## WHAT THIS TASK INVOLVES
At the line containing "Chanel Cranberry Tweed", begin an exact copy of the lines below and continue through the final one, with no pictures.

[TASK DATA — start]

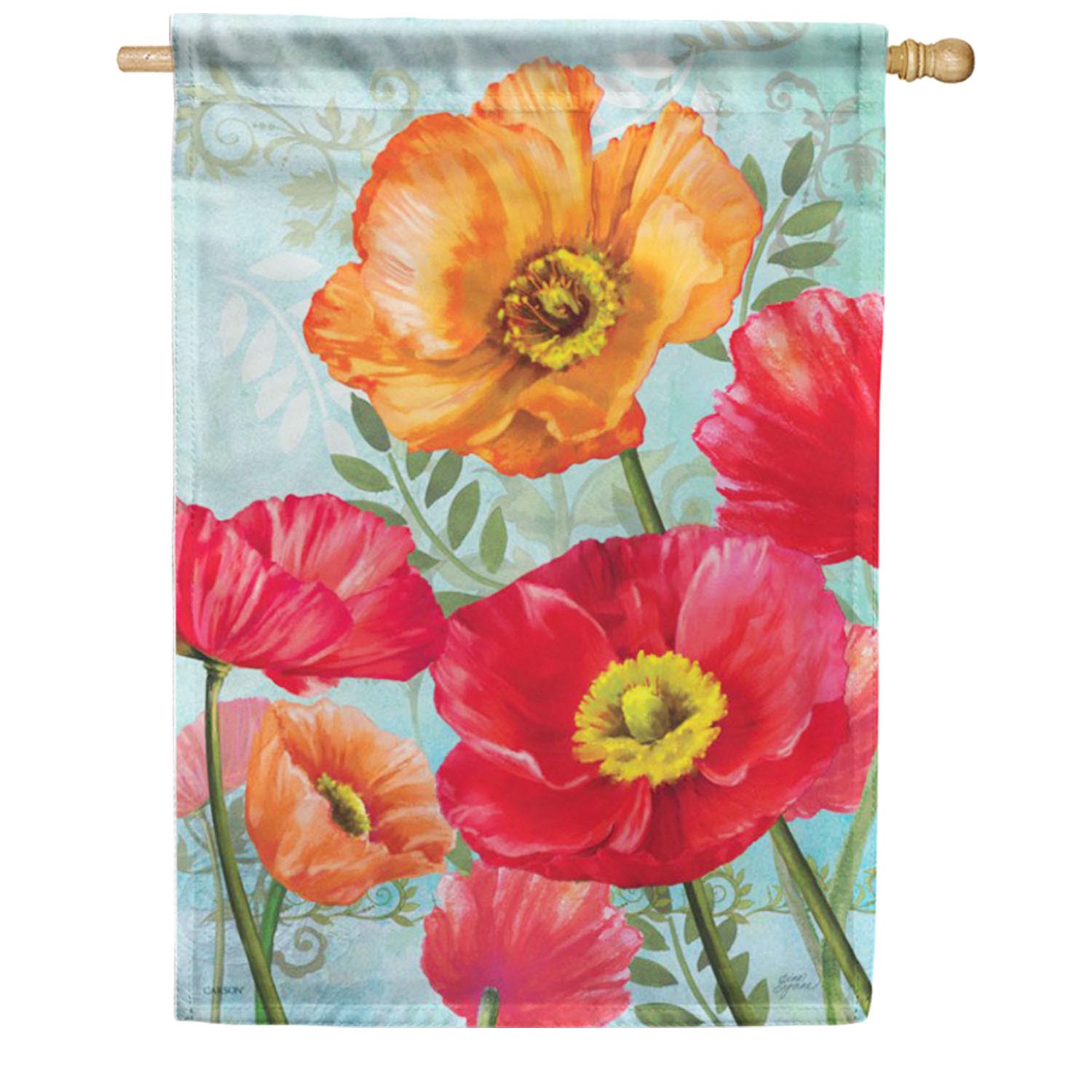 Bright Poppies Double Sided House Flag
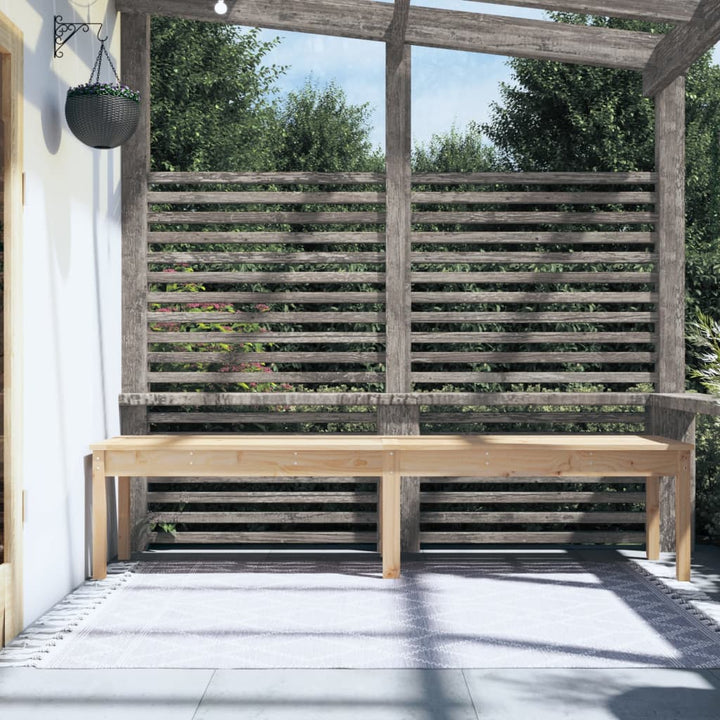 Bancă De Grădină 2 Locuri, 203,5X44X45 Cm, Lemn Masiv De Pin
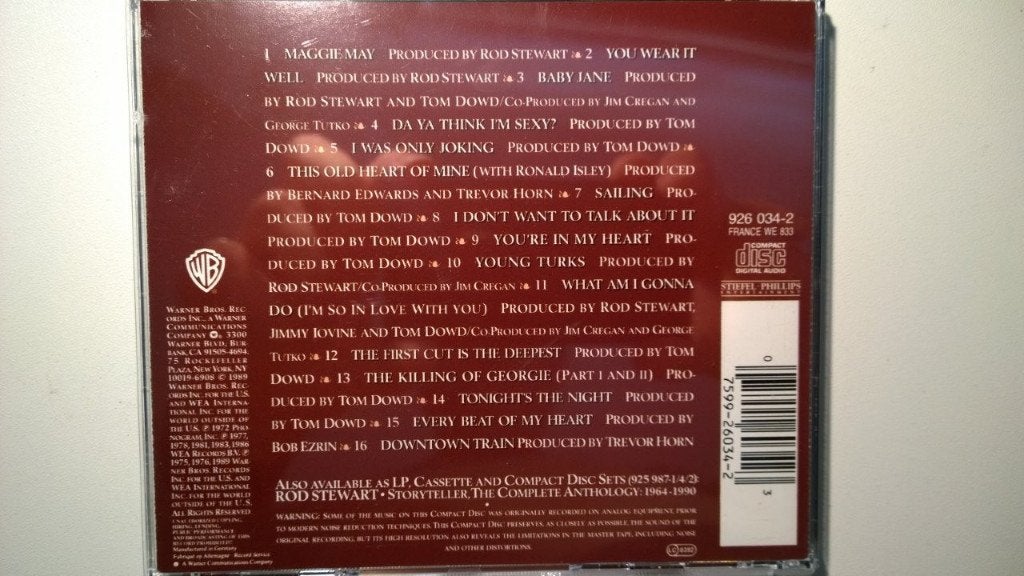 Rod Stewart - The Best Of Rod Stewart, Ophalen of Verzenden, Zo goed als nieuw, Poprock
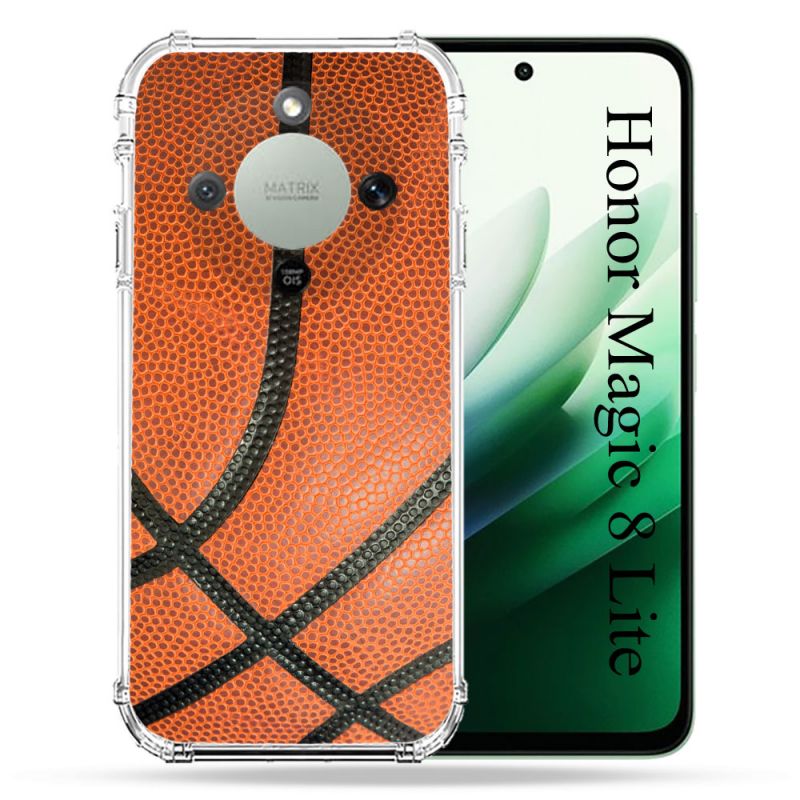 Coque Renforcée Pour Honor Magic 8 Lite 5G Sport Ballon Basket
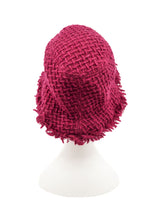 Chanel Cranberry Tweed Bucket Hat Accessory arcadeshops.com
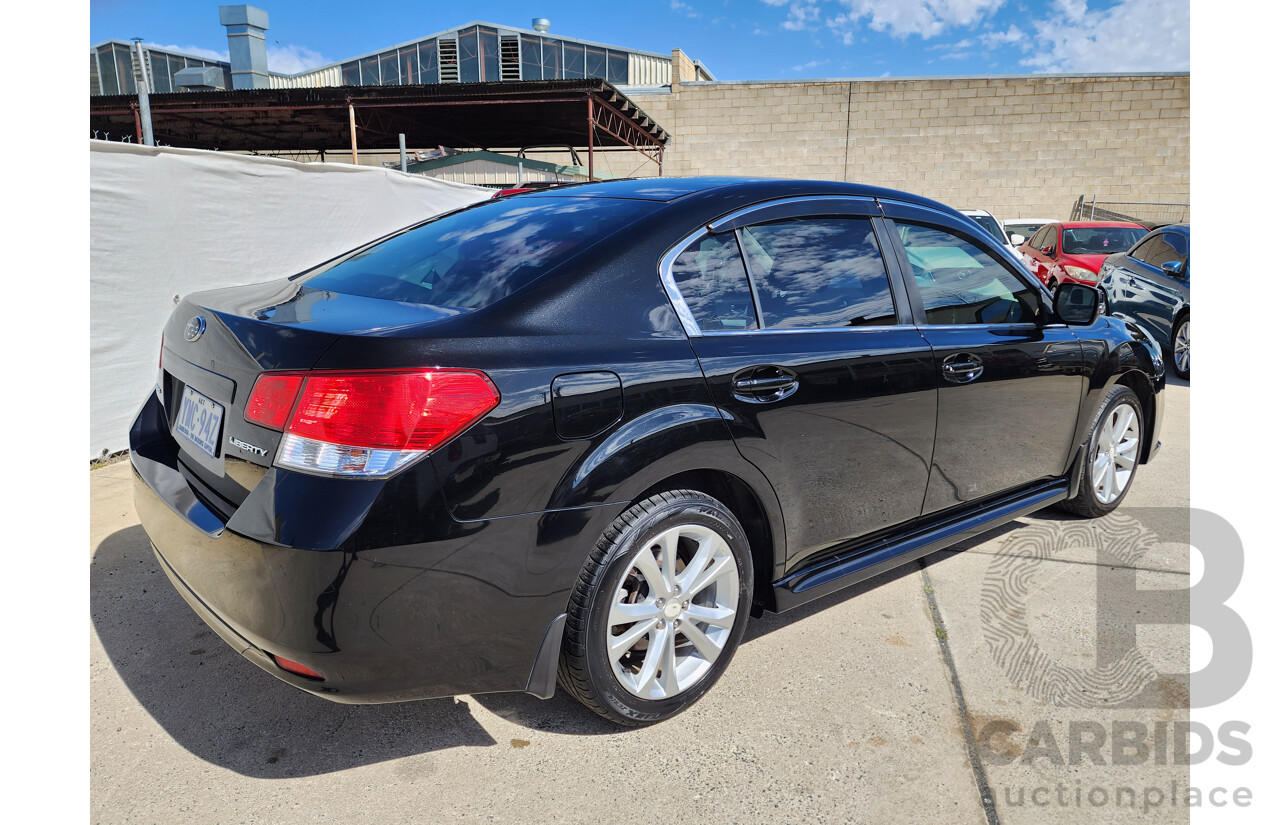 3/2014 Subaru Liberty 2.5i MY14 4d Sedan Black 2.5L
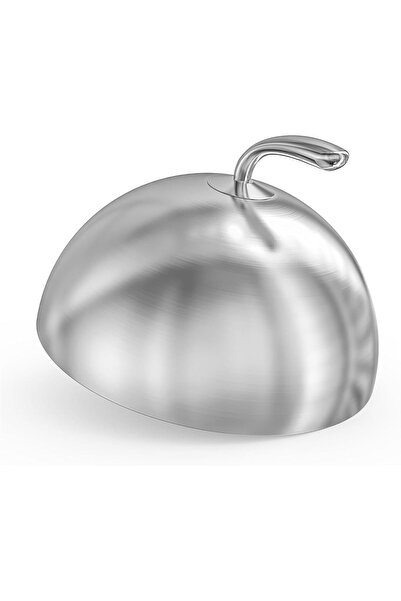 Generic غطاء تذويب الجبن، غطاء تبخير دائري بمقبض، ملحقات شواية من الفولاذ الم...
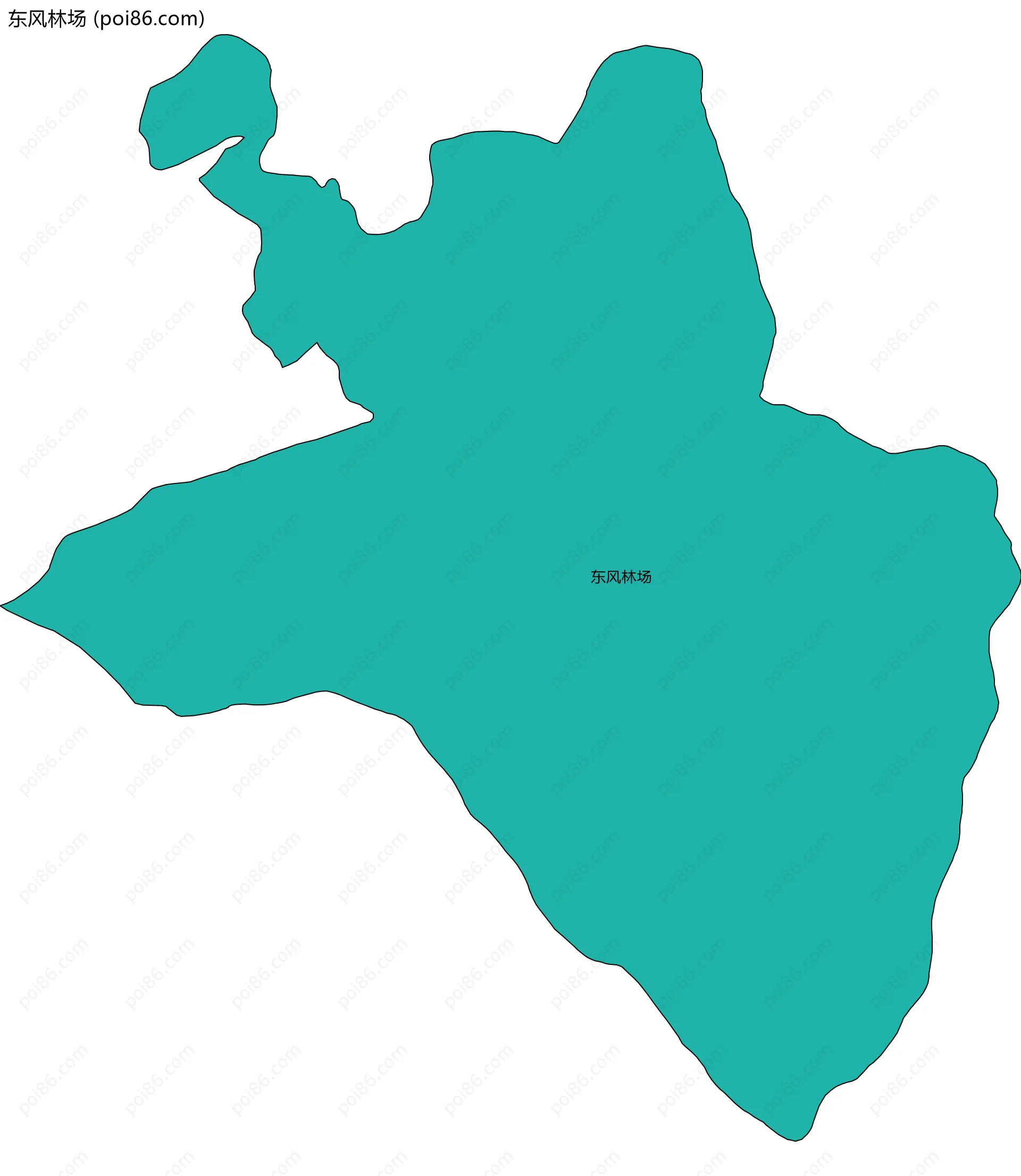 东风林场边界地图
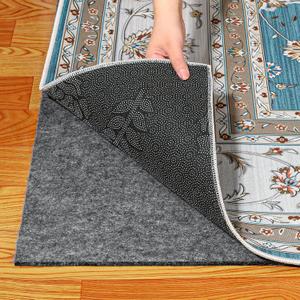 Waterproof Rug Pad 9x12 Ft, 1/8" Thick Under Area Carpet Padding, Non Slip Felt Rug Pads for Hardwood Floors, Protective Underlay Keeps Rugs in Place Without Wrinkles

[TASK DATA — finish]

## RESPONSE FOR THIS EXERCISE
 Chanel Cranberry Tweed Bucket Hat Accessory arcadeshops.com
 3/2014 Subaru Liberty 2.5i MY14 4d Sedan Black 2.5L
 Generic غطاء تذويب الجبن، غطاء تبخير دائري بمقبض، ملحقات شواية من الفولاذ الم...
 东风林场边界地图
 Waterproof Rug Pad 9x12 Ft, 1/8" Thick Under Area Carpet Padding, Non Slip Felt Rug Pads for Hardwood Floors, Protective Underlay Keeps Rugs in Place Without Wrinkles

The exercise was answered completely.